Here we go. The results of the experiment.
Ways in which the AI is playing by different rules,
or is being treated by monsters differently than the player.
(on Challenging difficulty, in version 1.0)
* The AI can see the map without scouting.
Confidence: High
Reasoning: constant flow of pioneers towards valuable tiles or resources that the AI cannot possibly have scouted, ceasing as soon as the player claims the tile/resources.
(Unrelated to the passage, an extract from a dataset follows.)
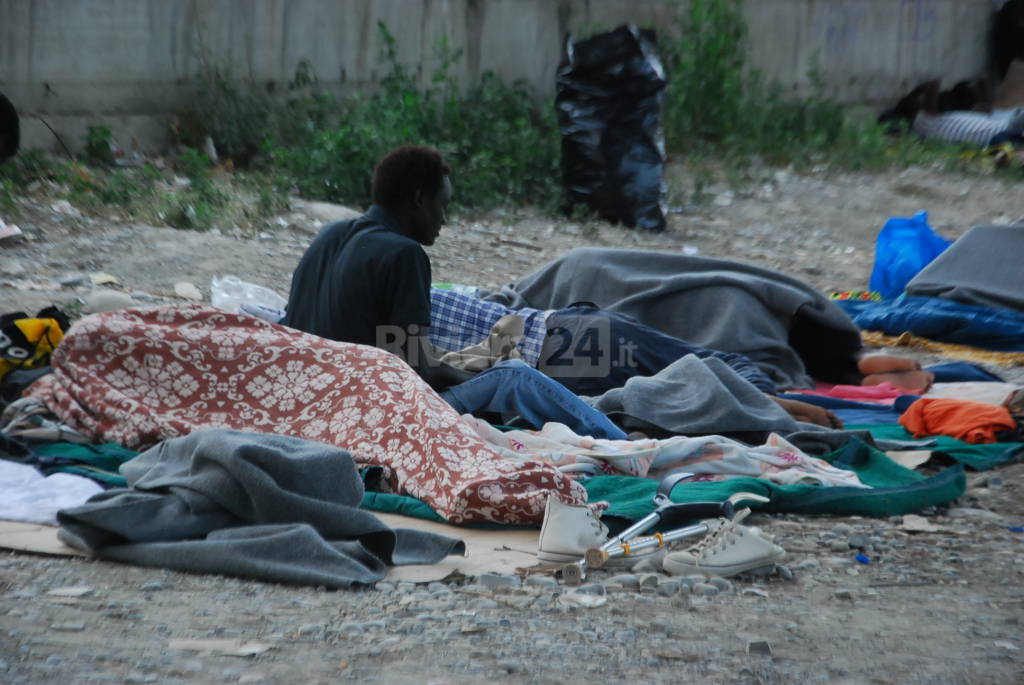 Ventimiglia, migranti accampati lungo il fiume puliscono argini Roja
Observed three times.
* The AIs can settle where the player cannot.
Confidence: Beyond Doubt
Reasoning: Observed.
* The AIs receive bonus essence when they settle a city
Confidence: Beyond Doubt
Reasoning: Observed
* Monsters are less likely to attack an AI army than a player army
Confidence: High
Reasoning: On two separate turns (83 and 104) there were at least one player army and one AI army next to monsters. In one case, it was a stronger player army, and a weaker AI army. In the second case, it was an average player army, one weaker AI army and a stronger AI army.
In the first case, the player army got attacked 6 times out of 6 (7/7 if you count the canon turn)
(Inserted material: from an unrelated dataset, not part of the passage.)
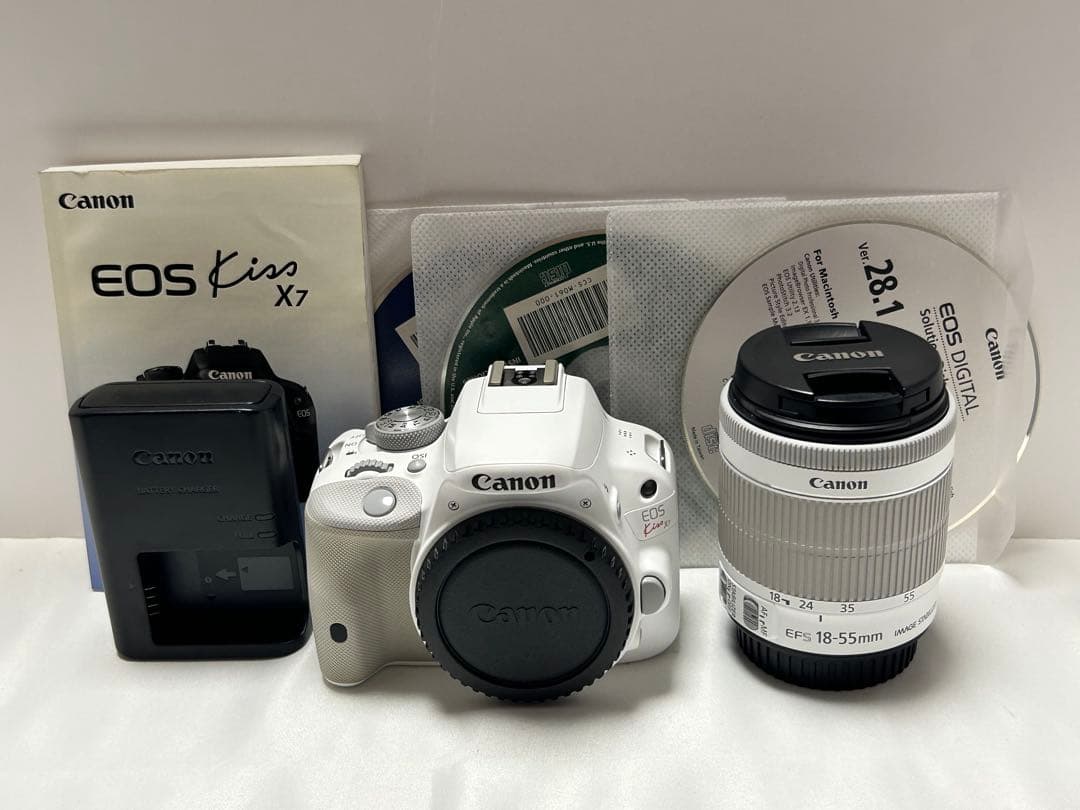 【美品】Canon EOS Kiss X7 ホワイト デジタル一眼カメラ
In the second case, the player army got attacked 5 times out of 7. (8/10 if you count the canon and the two crashes on that turn) The weaker AI army got attacked three times. The stronger AI army never got attacked.
* AI rushes production without paying for it
Confidence: Beyond Doubt
Reasoning: Observed.
* Monsters target player cities more often that AI cities
Confidence: High
Reasoning: Every single time that a monster lair containing an army stronger that a city garrison was disturbed by the player dominion, after 4,5,5,3 turns, the monster headed towards the nearest player city. In the replays, when the city did not get reinforced, the monster attacked in 5 out of 8 cases as soon as it reached the city. In two more cases it attacked a few turns afterwards.
In the replays, I saw at least 7 instances of monsters staying in their lairs 10 or more (up to 30) turns after their lair was covered by the city's influence. In only two cases did monsters destroy AI cities. In one case, the city was built in the path the monster was already traveling.
Note: This was by checking saved turns from the canon play through. As soon as I removed the fog of war, the monsters seemed to become active much earlier. Monsters would also become active if a player unit approached an already disturbed lair (the player unit would be two tiles away, but the lair would have been in AI dominion for a while.) If I were working on this game, I would check into FoG mattering where it should not.
* AIs gang up on the player in war.
Confidence: Low
Reasoning: I was consistently near the top of the pack. No one attacked me. The AIs ganged up on Kraxis as I was crushing it. If the AIs gang up, it's on weaker nations, not on the player specifically. Of course, with all the ways the AI gets an advantage, it's easy for a player to end on the bottom.
* AIs get (at least) research bonuses
Confidence: Average
Reasoning: Altar did too well against me. I had more cities, I was developing them pretty well, prioritizing research, and I had conquered extremely nice conclaves from Resoln, Yithril and later Kraxis. According to the debriefing graph, I had passed Altar's research around turn 100, and never looked back.
Still, if I started a trade, and traded all tech with Altar (both theirs and mine) a few turns later Altar would have twice the tech to trade, even if I would first get all the tech from Guilden and Tarth (paying only resources for it) Altar and I were both researching civilization.
I may be missing something here, which is why my confidence is only average.
* Monsters seem to be seeded around the player but not around the AIs
Confidence: Average
Reasoning: When I reveal the map, I do not see any really dangerous monsters anywhere but around my position. The only dragons and slag are either part of wildlands, or within 12 tiles of my starting position. It may be completely random, though.